In response to Needham-Betz Thoroughbreds’ argument that 656.17(f)(7) regulates only what is contained in an advertisement and does not address silence about certain aspects of the job opportunity, BALCA held that such an interpretation is too narrow and inconsistent with the purpose behind the PERM program which is to ensure that there are insufficient U.S. workers who are able, willing, qualified and available for a job opportunity prior to the granting of a labor certification. BALCA held that a more consistent interpretation of 656.17(f) is to review the terms and conditions of employment in the ad and whether they are less favorable than those being offered to the foreign national.
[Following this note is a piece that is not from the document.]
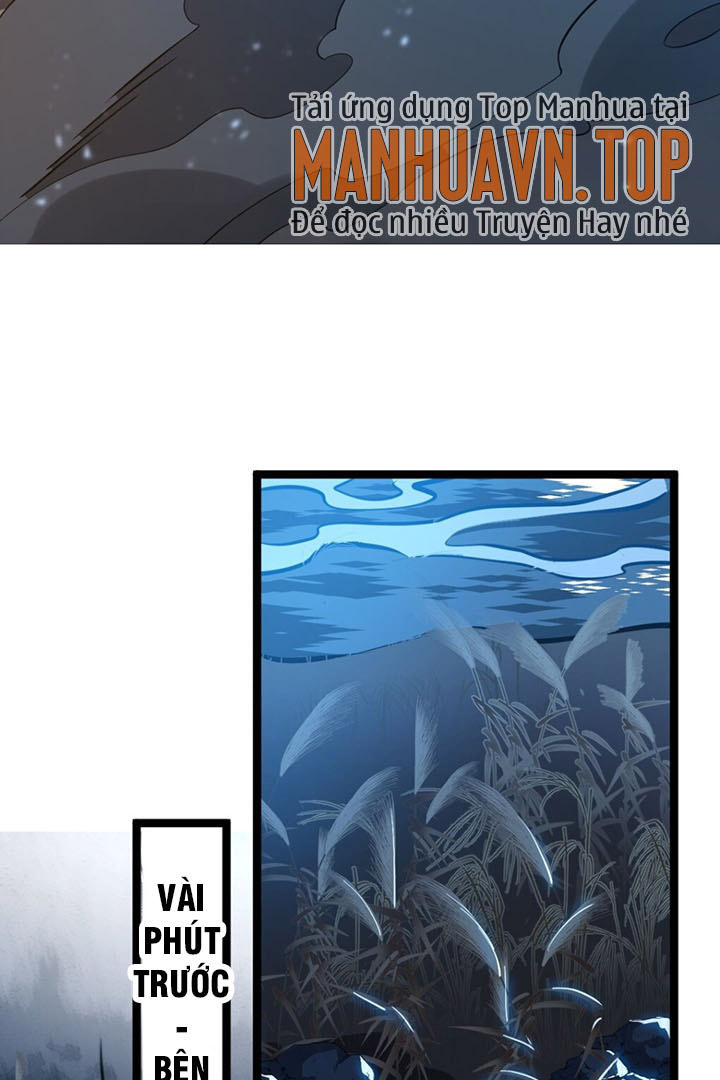 Vĩnh Sinh Chi Lộ Chapter 1 - Hamtruyen.vn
BALCA reasoned that free housing isn’t a standard benefit that can be readily assumed, so it should have been included in the advertisements.
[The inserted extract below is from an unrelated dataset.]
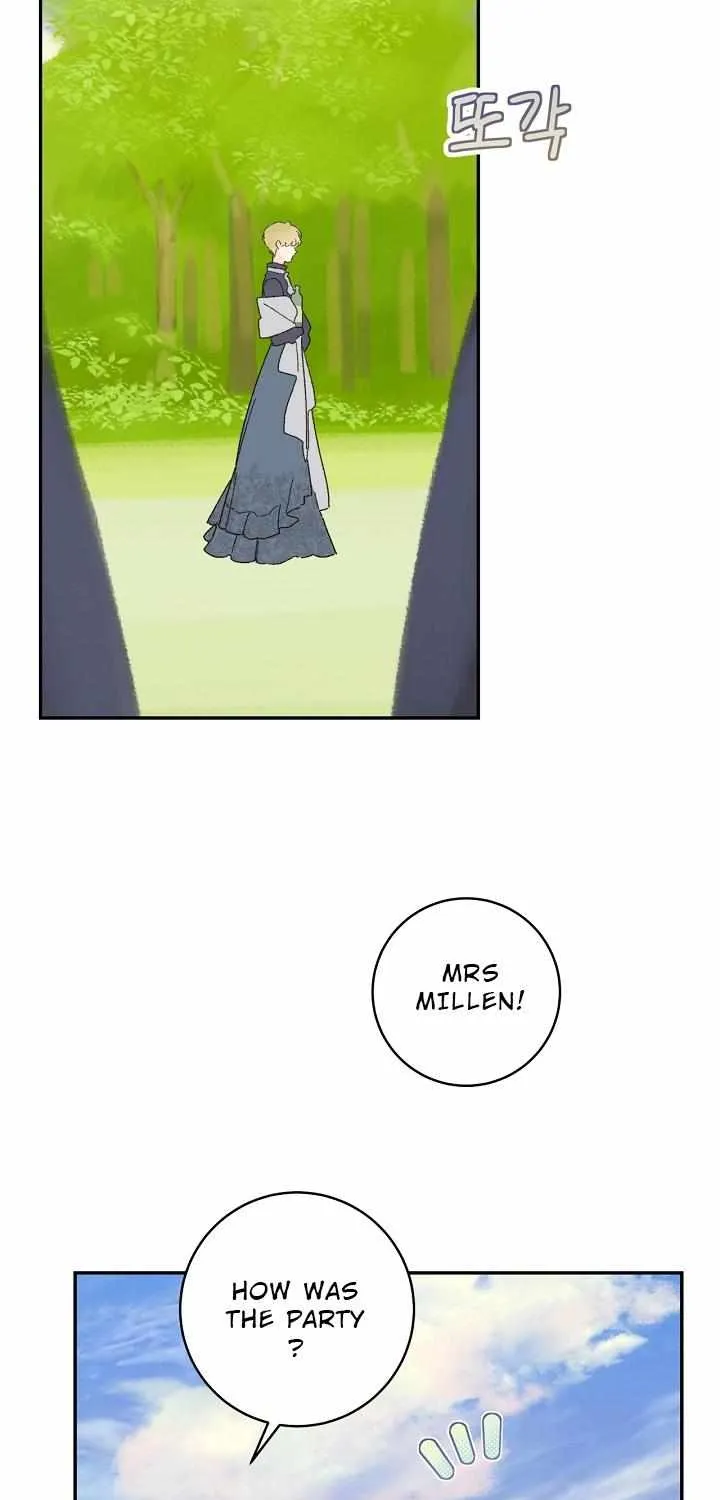 Marronnier Farm Near By The Imperial Palace Chapter 36 page 53 -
What we have now learned at Needham-Betz Thoroughbreds’ expense is that any unusual economic benefits should be listed in PERM recruitment. While U.S. workers usually expect benefits like wages, health insurance and vacation days and these need not be listed, U.S. workers need to be informed of other benefits that might induce them to apply. But this begs the question, how do we know what could induce a U.S. worker to apply for a position? The employer in Needham-Betz Thoroughbreds argued that this could be a slippery slope! Would U.S. workers be enticed by the promise of free lunch on Wednesdays? What if a law firm offers sleeping pods so that its attorneys can work all week and never have to waste time going home? What about cheese tasting Fridays? How do we know that a U.S. worker doesn’t really, really love cheese and would be induced to apply because of it? Sure, this may be taking it too far and the DOL may indeed have a point. But, as the DOL always says, PERM is an exacting process. If an employer who conducted good faith recruitment argues that omission of its name on the Notice of Filing (NOF) did not make a difference since only its own employees saw the NOF and that the purpose behind the NOF has been met, the PERM will still be denied and the employer will be told that PERM is an exacting process.  Yet, in cases where the employer has complied with the regulation, the DOL says that the employer should look to the purpose behind the regulation.
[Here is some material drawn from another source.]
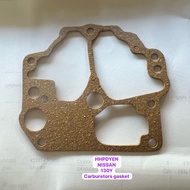 NISSAN SUNNY 130Y CARBURETOR GASKET (1PCS) READY STOCK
It really can become exhausting. As PERM practitioners, we must prepare PERM applications defensively; always trying to stay one step ahead of the DOL and imagine new reasons for denial and new reasons to discount previously upheld methods. If there is anything unusual about the offered position, the employer should err on the side of caution and include it in the advertisements. This includes work from home benefits; housing benefits; travel; relocation; on call hours; week-end employment; free day care or other economic benefits; and whatever might be deemed to be different from the “usual” job benefits.

So is Emma Willard still good for anything? I think Emma Willard can still be used to show that U.S. workers are intelligent. Too often PERM denials speak of the “confused” and “adversely affected” U.S. worker when in some cases that is the same U.S. worker who supposedly potentially qualifies for a professional position requiring a minimum of a 4-year Bachelor’s degree. In those cases, one can’t help but think that if a U.S. worker cannot read and understand a simple advertisement and is so easily “deterred’, “confused” and “adversely affected” then how could he possibly be qualified for an offered professional position?  Moreover, Emma Willard may also stand for situations where the benefit is obvious, and it all depends on context. A boarding school teacher can be expected to get subsidized housing. On the other, it is unusual for farm managers to get free housing.  

What is so interesting about PERM is the same thing that can drive you crazy, if you let it. These BALCA decisions show that we can never let our guards down for a minute.